-- TASK TO CARRY OUT --
Copy nothing but the lines below running from the line containing "Washing Your Hair" through the line containing "An image of", both end lines included.

Collected data
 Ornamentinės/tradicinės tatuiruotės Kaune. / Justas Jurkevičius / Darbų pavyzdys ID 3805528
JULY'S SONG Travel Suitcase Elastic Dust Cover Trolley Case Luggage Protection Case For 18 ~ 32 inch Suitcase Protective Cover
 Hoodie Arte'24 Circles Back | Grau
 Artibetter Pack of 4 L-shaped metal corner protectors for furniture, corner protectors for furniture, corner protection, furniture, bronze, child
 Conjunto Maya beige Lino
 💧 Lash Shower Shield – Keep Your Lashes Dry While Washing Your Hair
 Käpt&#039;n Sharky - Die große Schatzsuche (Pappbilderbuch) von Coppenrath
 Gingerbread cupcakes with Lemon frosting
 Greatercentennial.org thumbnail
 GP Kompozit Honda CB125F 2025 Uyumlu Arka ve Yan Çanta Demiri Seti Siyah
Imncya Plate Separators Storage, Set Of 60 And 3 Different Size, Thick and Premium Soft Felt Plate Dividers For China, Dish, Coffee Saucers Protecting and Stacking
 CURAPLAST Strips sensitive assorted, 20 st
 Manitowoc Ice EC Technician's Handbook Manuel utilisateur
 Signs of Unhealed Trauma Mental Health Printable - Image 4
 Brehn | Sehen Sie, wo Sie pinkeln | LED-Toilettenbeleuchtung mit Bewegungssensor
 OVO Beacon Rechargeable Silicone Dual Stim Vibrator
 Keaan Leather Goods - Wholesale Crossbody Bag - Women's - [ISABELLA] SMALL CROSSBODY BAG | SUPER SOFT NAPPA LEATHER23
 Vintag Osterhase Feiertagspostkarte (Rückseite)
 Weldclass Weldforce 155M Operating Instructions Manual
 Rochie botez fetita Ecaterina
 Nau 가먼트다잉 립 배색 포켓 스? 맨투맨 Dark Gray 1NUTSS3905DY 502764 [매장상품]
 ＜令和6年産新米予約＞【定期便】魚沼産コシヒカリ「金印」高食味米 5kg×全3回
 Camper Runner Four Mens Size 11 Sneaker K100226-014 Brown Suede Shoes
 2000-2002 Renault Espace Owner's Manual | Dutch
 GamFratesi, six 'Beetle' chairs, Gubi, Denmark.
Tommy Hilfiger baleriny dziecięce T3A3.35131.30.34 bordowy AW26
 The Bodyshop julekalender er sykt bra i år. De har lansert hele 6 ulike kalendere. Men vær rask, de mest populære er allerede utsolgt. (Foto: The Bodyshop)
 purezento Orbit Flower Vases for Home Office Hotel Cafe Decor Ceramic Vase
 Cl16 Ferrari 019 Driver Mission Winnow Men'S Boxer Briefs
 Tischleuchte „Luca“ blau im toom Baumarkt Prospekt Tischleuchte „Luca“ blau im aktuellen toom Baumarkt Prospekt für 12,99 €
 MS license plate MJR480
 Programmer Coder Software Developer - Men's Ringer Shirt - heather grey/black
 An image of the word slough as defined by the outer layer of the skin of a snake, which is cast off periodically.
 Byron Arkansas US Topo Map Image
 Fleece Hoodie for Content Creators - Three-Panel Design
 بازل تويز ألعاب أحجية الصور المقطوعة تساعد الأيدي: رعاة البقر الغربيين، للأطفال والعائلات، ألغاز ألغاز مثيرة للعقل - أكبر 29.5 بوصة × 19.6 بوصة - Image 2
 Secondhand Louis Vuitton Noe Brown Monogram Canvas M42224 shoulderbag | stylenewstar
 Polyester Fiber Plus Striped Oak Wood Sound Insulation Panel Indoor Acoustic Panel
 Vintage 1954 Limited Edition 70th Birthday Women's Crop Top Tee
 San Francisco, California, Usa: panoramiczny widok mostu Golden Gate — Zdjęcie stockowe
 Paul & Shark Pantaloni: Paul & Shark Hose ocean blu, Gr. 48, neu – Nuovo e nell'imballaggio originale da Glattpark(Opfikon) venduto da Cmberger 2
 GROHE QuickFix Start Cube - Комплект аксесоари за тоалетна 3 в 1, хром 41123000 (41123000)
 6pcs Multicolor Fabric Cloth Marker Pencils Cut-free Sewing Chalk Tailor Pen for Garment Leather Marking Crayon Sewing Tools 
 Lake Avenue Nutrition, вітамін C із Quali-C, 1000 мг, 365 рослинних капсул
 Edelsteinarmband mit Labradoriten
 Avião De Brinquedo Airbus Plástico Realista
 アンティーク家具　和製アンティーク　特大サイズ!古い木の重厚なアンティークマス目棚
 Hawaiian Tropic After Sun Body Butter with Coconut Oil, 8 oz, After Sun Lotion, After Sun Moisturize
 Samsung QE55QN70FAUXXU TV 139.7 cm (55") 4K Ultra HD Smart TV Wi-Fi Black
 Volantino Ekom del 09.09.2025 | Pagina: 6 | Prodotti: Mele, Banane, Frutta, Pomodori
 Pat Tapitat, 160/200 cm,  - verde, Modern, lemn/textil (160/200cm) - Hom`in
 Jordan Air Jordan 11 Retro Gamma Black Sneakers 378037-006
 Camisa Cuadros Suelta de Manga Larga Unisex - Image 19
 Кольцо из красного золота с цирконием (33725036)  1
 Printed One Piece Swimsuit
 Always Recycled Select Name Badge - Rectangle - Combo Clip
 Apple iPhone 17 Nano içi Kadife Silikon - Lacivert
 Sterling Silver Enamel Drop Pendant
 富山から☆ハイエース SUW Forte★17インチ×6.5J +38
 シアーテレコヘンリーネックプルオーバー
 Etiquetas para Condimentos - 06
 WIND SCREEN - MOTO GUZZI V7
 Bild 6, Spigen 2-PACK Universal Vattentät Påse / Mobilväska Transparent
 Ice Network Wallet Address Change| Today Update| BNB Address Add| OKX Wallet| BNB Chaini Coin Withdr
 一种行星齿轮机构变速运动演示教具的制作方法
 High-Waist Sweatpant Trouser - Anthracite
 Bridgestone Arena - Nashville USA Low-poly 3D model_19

-- SOLUTION FOR THIS EXERCISE --
 💧 Lash Shower Shield – Keep Your Lashes Dry While Washing Your Hair
 Käpt&#039;n Sharky - Die große Schatzsuche (Pappbilderbuch) von Coppenrath
 Gingerbread cupcakes with Lemon frosting
 Greatercentennial.org thumbnail
 GP Kompozit Honda CB125F 2025 Uyumlu Arka ve Yan Çanta Demiri Seti Siyah
Imncya Plate Separators Storage, Set Of 60 And 3 Different Size, Thick and Premium Soft Felt Plate Dividers For China, Dish, Coffee Saucers Protecting and Stacking
 CURAPLAST Strips sensitive assorted, 20 st
 Manitowoc Ice EC Technician's Handbook Manuel utilisateur
 Signs of Unhealed Trauma Mental Health Printable - Image 4
 Brehn | Sehen Sie, wo Sie pinkeln | LED-Toilettenbeleuchtung mit Bewegungssensor
 OVO Beacon Rechargeable Silicone Dual Stim Vibrator
 Keaan Leather Goods - Wholesale Crossbody Bag - Women's - [ISABELLA] SMALL CROSSBODY BAG | SUPER SOFT NAPPA LEATHER23
 Vintag Osterhase Feiertagspostkarte (Rückseite)
 Weldclass Weldforce 155M Operating Instructions Manual
 Rochie botez fetita Ecaterina
 Nau 가먼트다잉 립 배색 포켓 스? 맨투맨 Dark Gray 1NUTSS3905DY 502764 [매장상품]
 ＜令和6年産新米予約＞【定期便】魚沼産コシヒカリ「金印」高食味米 5kg×全3回
 Camper Runner Four Mens Size 11 Sneaker K100226-014 Brown Suede Shoes
 2000-2002 Renault Espace Owner's Manual | Dutch
 GamFratesi, six 'Beetle' chairs, Gubi, Denmark.
Tommy Hilfiger baleriny dziecięce T3A3.35131.30.34 bordowy AW26
 The Bodyshop julekalender er sykt bra i år. De har lansert hele 6 ulike kalendere. Men vær rask, de mest populære er allerede utsolgt. (Foto: The Bodyshop)
 purezento Orbit Flower Vases for Home Office Hotel Cafe Decor Ceramic Vase
 Cl16 Ferrari 019 Driver Mission Winnow Men'S Boxer Briefs
 Tischleuchte „Luca“ blau im toom Baumarkt Prospekt Tischleuchte „Luca“ blau im aktuellen toom Baumarkt Prospekt für 12,99 €
 MS license plate MJR480
 Programmer Coder Software Developer - Men's Ringer Shirt - heather grey/black
 An image of the word slough as defined by the outer layer of the skin of a snake, which is cast off periodically.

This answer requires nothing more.